Look for the page titled:
What Is Password Sniffing?

No you didn't. Because they don't have enough proxies for that, and because all would get blocked very soon. Unless you have absolutely no protection at all and you're not even checking for ip so they can do it from 1 ip.
So again, noone does that. You probably had something else happen but you have no idea what, and your hosting/whoever just muttered up some excuse for a messup, or didn't want to explain to you what happened.

accessdiver thats how most of the password sites get them.

accessdiver , goldeneye . and the better ones use : HAS , for £HAS_Command

:)

Today & yesterday we have also had our Strongbox program banged at... We used to have a problem with password hackers every few months. Since getting strongbox, Ive had little problems but too many strongbox emails. I suppose, proving Strongbox works well :)

ya strongbox is a good solution, people that sitll use pennywize should be shot in the head or any htaccess method.

strongbox protected sites are not as protected as proxypass protected sites.

you are wrong again

I am my own management, and I personally looked at the logs of the 24 hour a day attempts on brute forcing the passwords, and I also personally banned the ips of the proxies they were using (they were using a lot). Anyways, they easily have enough proxies for that if the site admin doesn't bother to notice that they are doing it.

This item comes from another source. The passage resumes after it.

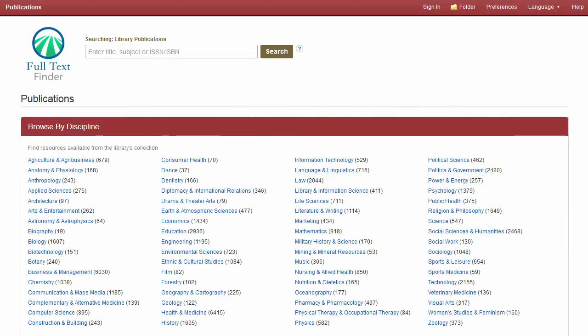Looking for a particular magazine, journal, or newspaper? Full Text Finder is a state-of-the-art knowledge-based search service for locating publications in your institution's collection, regardless of publisher or provider.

Possibly related, I get spam sent to a unique email address I used for signing up to a few ccbill paysites. I don't know if it was the paysites or ccbill that were compromised.

I know there's been a few threads over the years with people offering billing records, probably wouldn't take much for an employee to quietly take a copy for themselves home...

Wow, you live in the 90's. Accessdiver rofl. "htaccess method" wtf rofl. Yea, it mattered is it "htaccess" or "form" when you were in 90s using accessdiver. Get with the program. Strongbox is horrible, so is pennywize.
Rofla@goldeneye, that's even worse then accessdiver.
Has is not a bruteforcer, shouldn't pretend something you aren't with explot naming tools.
I'm not wrong. I fear for your "management" if that is what you banned.
a) They dont have infinite proxies. Actually they have them very little lately (compared to 90s when certain people last read "how to crack" tutors)
b) they dont run bots all day long because that's stupid for a number of reasons i already pointed out.
And just the notion you have to "personally ban ips they were using" means you dont have ip check for a number of tries on your login. Which in turn means they dont have to use proxies and can brute from 1 ip until you personally ban it again. They're smart enough to notice you're not banning proxies automatically and would not waste them in vain against such poor protection.